Schemas like this are helpful because they can “pop us out” from our unexamined paradigms. If we are, for example, having a discussion about building AI from inside the “revealed preferences” paradigm, it is good to know that we are having a discussion from inside that paradigm. It is a virtue of modern philosophy to always be asking what unexamined paradigm we are inside, and to be pushing us to at least see that that we are inside such-and-such a paradigm, in order that we can examine it and decide whether to keep working within it.

In that spirit, I would like to offer a conceptualization of the paradigm that I think all six of these levels are within, in order that we might examine that paradigm and decide whether we wish to keep working within it. It seems to me that we presuppose that when we deploy AI, we will pass agency away from humans and into the hands of the AI, at least for as long as it takes the AI to execute our instructions, intentions, preferences, interest, or values. We imagine our future AIs as assistants, genies, or agents with which we are going to have some initial period of contact, followed by a period during which these powerful agents go off and do our bidding, followed perhaps by later iterations in which these agents come back for further instructions, intentions, preferences, interests, or values. We understandably find it troubling to consider turning so much of our agency over to an external entity, yet most work in AI alignment is about how to safely navigate this hand-off of agency, and it seems to me that there is relatively little discussion of whether we should be doing all of our thinking on the assumption of a hand-off of agency. I will call this paradigm that I think we are inside the Agency Hand-off Paradigm:

The Agency Hand-off Paradigm

A few brief notes on how this relates to existing work in AI alignment:

  • The AI alignment sub-field of corrigibility is concerned with the design of AI that we can at least switch off if we later regret the instructions, intentions, preferences, interests, or values that we gave it. This is of course a good property for AI to have if we are going to hand off agency to it, but we seem to be inside the Agency Hand-off Paradigm almost by default.

  • Stuart Russell’s work on interaction games is about transmitting instructions /​ intentions /​ preferences /​ interests /​ values from humans to AIs as an ongoing dialog rather than a one-shot up-front data dump, but this work still assumes that agency is going to be handed over to our AIs, it’s just that the arrow from “Human” to “AI” in the figure above becomes a sequence of arrows.
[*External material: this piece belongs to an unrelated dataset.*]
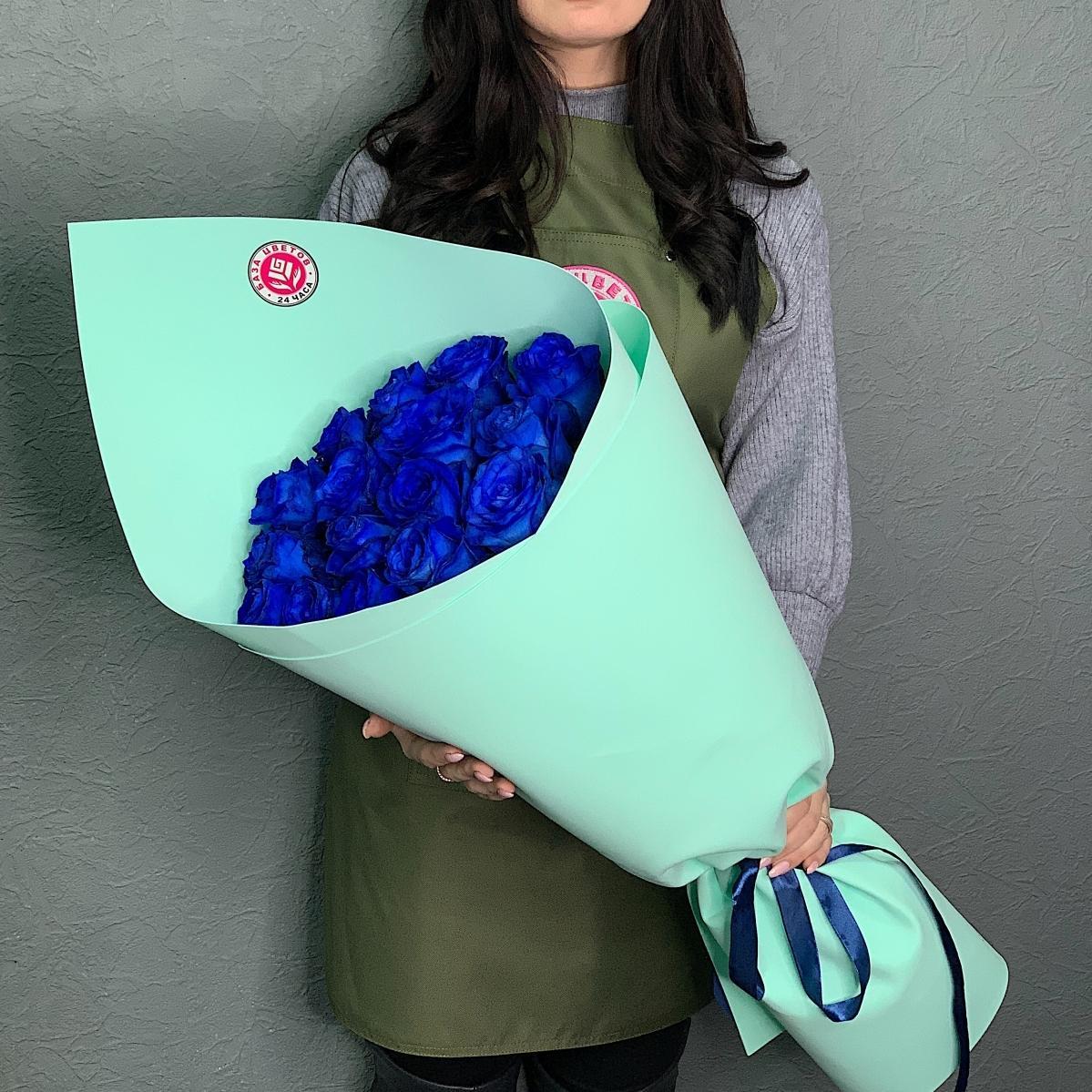 Композиция из синих роз (Эквадор) 70 см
  • Eliezer Yudkowsky’s writing on coherent extrapolated volition and Paul Christiano’s writing on indirect normativity are both concerned with extracting values from humans in a way that bypasses our limited ability to articulate our own values. Yet both bodies of work presuppose that there is going to be some phase during which we extract values from humans, followed by a phase during which our AIs are going to take actions on the basis of these values. Under this assumption we indeed ought to be very concerned about getting the value-extraction step right since the whole future of the world hangs on it.

  • Significant portions of Nick Bostrom’s book Superintelligence were concerned with the dangers of open-ended optimization over the world. It seems to me that the basic reason to be concerned about powerful optimizers in the first place is that they are precisely the category of system that has the property of taking agency away from humans.

But perhaps there is room to question the Agency Hand-off Paradigm. I would very much like to see proposals for AI alignment that escape completely from the assumption that we are going to hand off agency to AI. What would it look like to have powerful intelligent systems that increased rather than decreased the extent to which humans have agency over the future?

Think of a child playing a sand pit. The child’s parent has constructed the sand pit for the child and will keep the child safe. If the child happens to find, say, a shard of glass, then the parent may take it away. But for the most part the parent will just let the child play and learn and grow. It would be a little strange to think of the parent as taking instructions, intentions, preferences, interests, or values from the child and then assuming agency over the arrangement of sand in the sand pit on that basis. Yes the parent has a sense of what is in the child’s best interests by taking away the shard of glass, but not because the parent understands the child’s intentions how all the sand should ultimately be arranged and is accelerating things in that direction, but rather because the shard of glass threatens the child’s ow agency in a way that the child cannot account for in the short term. In the long term the parent will help the child to grow in such a way that they will be able to safely handle sharp objects on their own, and the parent will eventually fade away from the child’s life completely. The long-run flow of agency is towards the child, not towards the parent. Is it not possible that we could build AI that ensures that agency flows towards us, not away from us, over the long run?